The Guardian and other newspapers make gestures towards the inclusiveness of digital publishing by featuring or spotlighting comments by some readers, or by publishing the occasional ‘above the line’ article that they invite them to write. These are typically bland, in perfect synch with the publication’s politics and other agendas, and sometimes apparently selected for their simple-mindedness. They are soon forgotten by everybody.
What do we lose from obstructing symphysis on sites visited by well-read and keen debaters?
The chance to show old media on which we place a high cultural value how to adapt their modus operandi for the digital age, or how to ‘update their business model’. The essence of what they need is the form of cooperation that technologists long ago dubbed ‘interactivity’ — with essentially two classes of operators. Publishers have to become co-purveyors of content with their audiences, on the one hand. On the other, they will ideally collaborate with other publishers, joining audiences or potential customers (markets) through shared publishing platforms or meta-sites. In the first variety of collaboration, for a newspaper, commenters and their blogs would certainly not replace trained journalists and editors, but simply operate alongside in a loose association, neither group interfering with or directing the creations of the other.
Six years ago, the main blogger on this post-Gutenberg site published, as part of an Oxford Internet Institute series, a draft proposal for such an evolutionary route for publishing. The paper suggested a ‘keiretsu-cooperative’ as an economic structure for the future — a keiretsu being a sort of Japanese industrial club, made up of companies pursuing similar or complementary aims. For example, a newspaper publisher might create a meta-site with one or more book publishers, with which its audience overlaps — and these partners could share this site’s capital improvement and running costs. Six years later, we see nothing wrong with that idea.
Ah, finance! Where are newspapers to find the funds to support any such collaboration, with social media like Facebook and Google set to devour all digital advertising revenue in the future?
Certainly not by following The Guardian’s lead, and forcing readers either to accept being targets for advertisers — or risk of being shut out of the site as punishment for using ad-blockers. Grown-up readers will not put up with being told to eat their spinach: that the newspaper is well aware of the growing popularity of software designed to defeat hidden persuaders only makes this new policy more incredible.
What is the more promising alternative? Switching from advertising revenue to reader subscriptions as a source of funds. Not traditional subscriptions, but a new kind, that would make a deep bow to symphysis. They would be subscriptions that are also tiny financial stakes in the new collaborative or interactive publishing — giving readers something, in a way that The Guardian’s plea earlier this summer for readers simply to become ‘members’ paying £5 a month does not.
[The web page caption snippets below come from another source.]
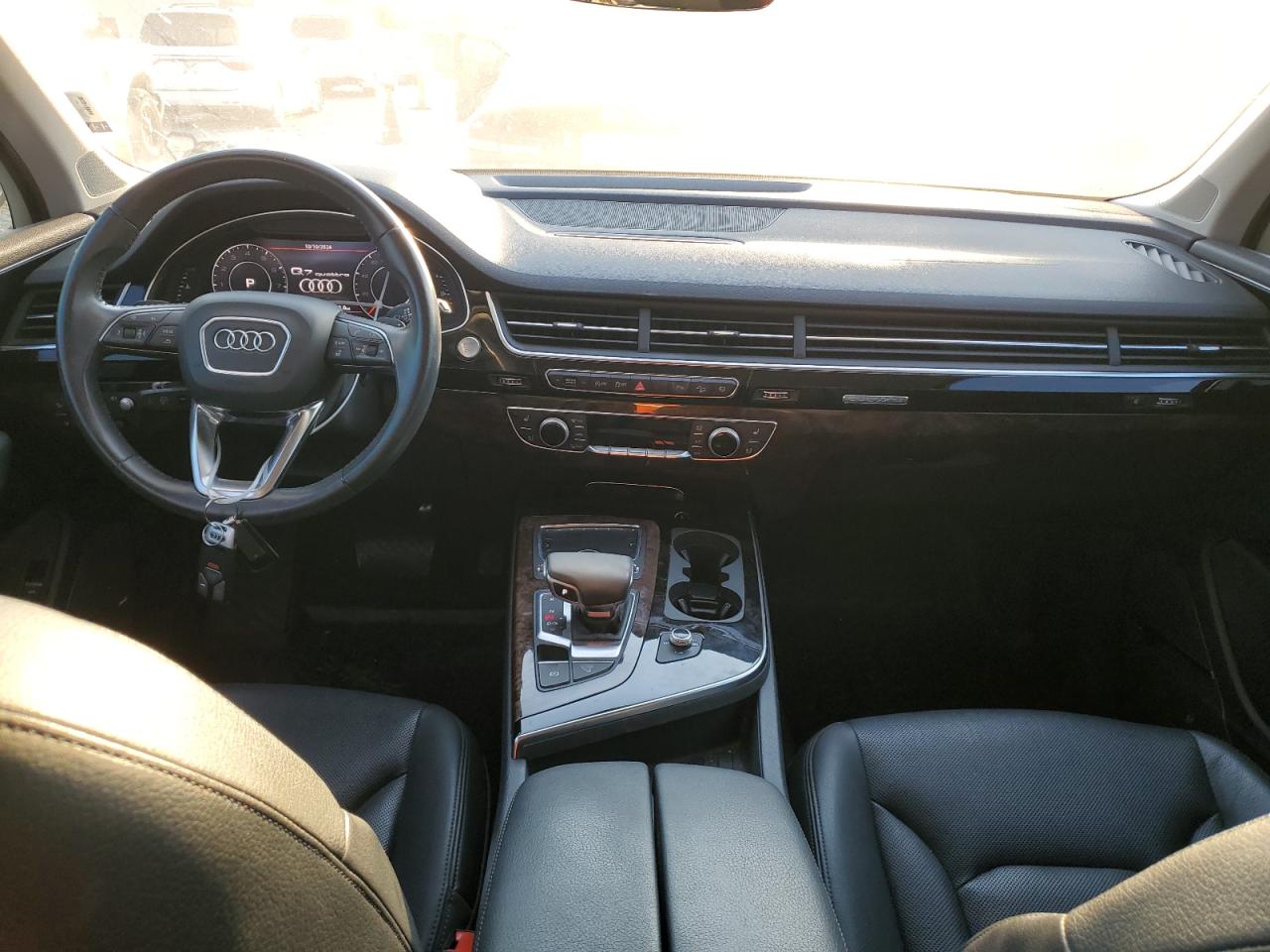 WA1VAAF71JD052545 2018 Audi Q7 Prestige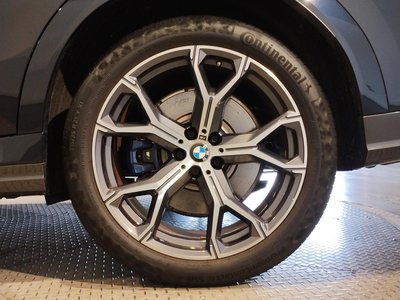 2022 BMW X6 — миниатюра 40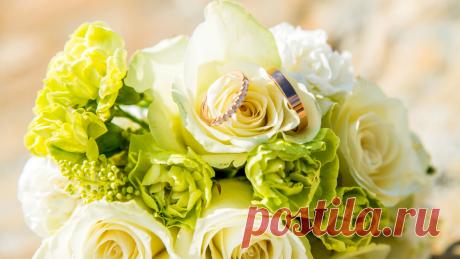 Букет из белых роз с гвоздиками и обручальными кольцами Обои для рабочего стола 1600x900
We have also gathered that the paper’s leaders are opposing the proposal by some senior staffers that these members be allowed to elect a special representative on the paper’s governing board, the Scott Trust. (See ‘Readers’ Knives’ in Private Eye, No: 1422, 8-21 July, 2016) All this is a bit reminiscent of the protest and rallying cry of the early American colonies: ‘No taxation without representation!’
Even if the subscription-stakes are so small that they amount to mostly symbolic financial participation and ownership, this could actually give a newspaper an edge over Facebook. As we have argued before in this space, in a just world, Facebook would be a cooperative owned by its users. (‘A better Facebook — or why cooperatives run on the web should work better than the old hippie kind,’ 14 February 2012)
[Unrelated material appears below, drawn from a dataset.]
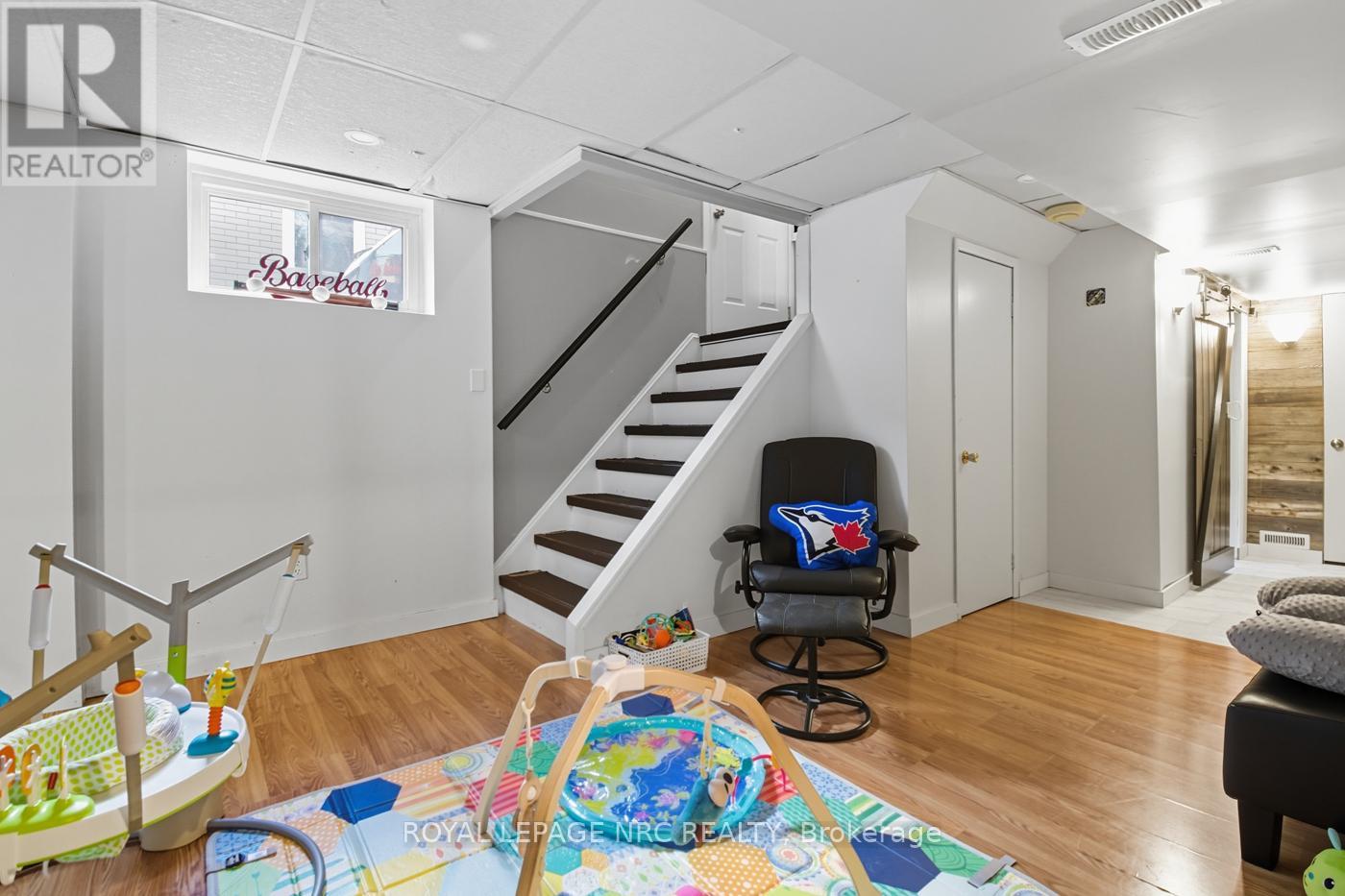 243 Gross Avenue, Welland (Broadway), Ontario  L3C 2V1 - Photo 18 - X12431878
But how on earth can a newspaper be expected to handle hundreds and thousands — conceivably, millions — of individual subscriber/stakeholder accounts?
Anyone who has failed to notice that financial institutions have been doing this, by now, for ages, should read a piece that ran in the New York Times in April: ‘Billing by Millionths of Pennies, Cloud Computing Giants Take in Billions’. Of particular interest is this passage:
… This economics of tiny things demonstrates the global power of the few companies, including Microsoft and Google, that can make fortunes counting this small and often … As tech companies get better at measuring things, other businesses can pick up on the techniques, and the fine counting at the big clouds augurs for more precise measurements and pricing …
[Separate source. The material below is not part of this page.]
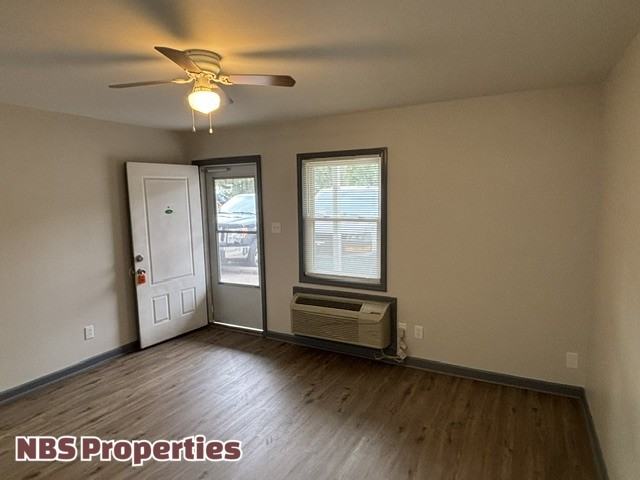 867 North Gallaher View Road Northwestunit 207 #207 - Photo 2 of 17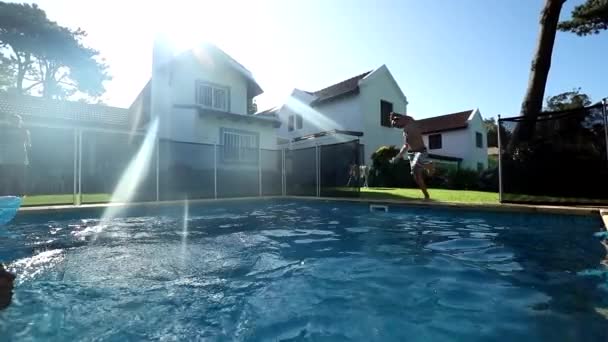 Bambino Che Salta Nell Acqua Della Piscina Rallentatore Nel Cortile — Video Stock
We have been talking about such micropayments for years, on this blog — but the new term is apparently ‘per-millionth pricing’. As the NYT author suggests, this is something newspapers hoping to stay alive should start doing immediately.
How are people going to get to the ‘truth’ without trained journalists to serve them their facts?
Newspapers still perform a crucial public service when they report methodically and doggedly on important and often unglamorous issues. But — especially as they feel free to be openly partisan in their reporting of politics, now — they cannot be relied on to give us information not distorted by special interests.
Intelligent readers recognise that other sources of information deserve to co-exist with traditional media — even if many conventional editors and journalists still refuse to concede this. With atypical honesty, on this score, the FT’s editorialist Giles Wilkes admits: ‘[I]n 10 years of trying to make sense of the economic blogosphere, I have found nothing as reliably good as the blogosphere. Some of its advantages are simply practical: free data, synopses of academic papers … But what is better is how its ungated to-and-fro lets a reader eavesdrop on schools of academic thought in furious argument, rather than just be subject to whatever lecture a professor wishes to deliver. ’.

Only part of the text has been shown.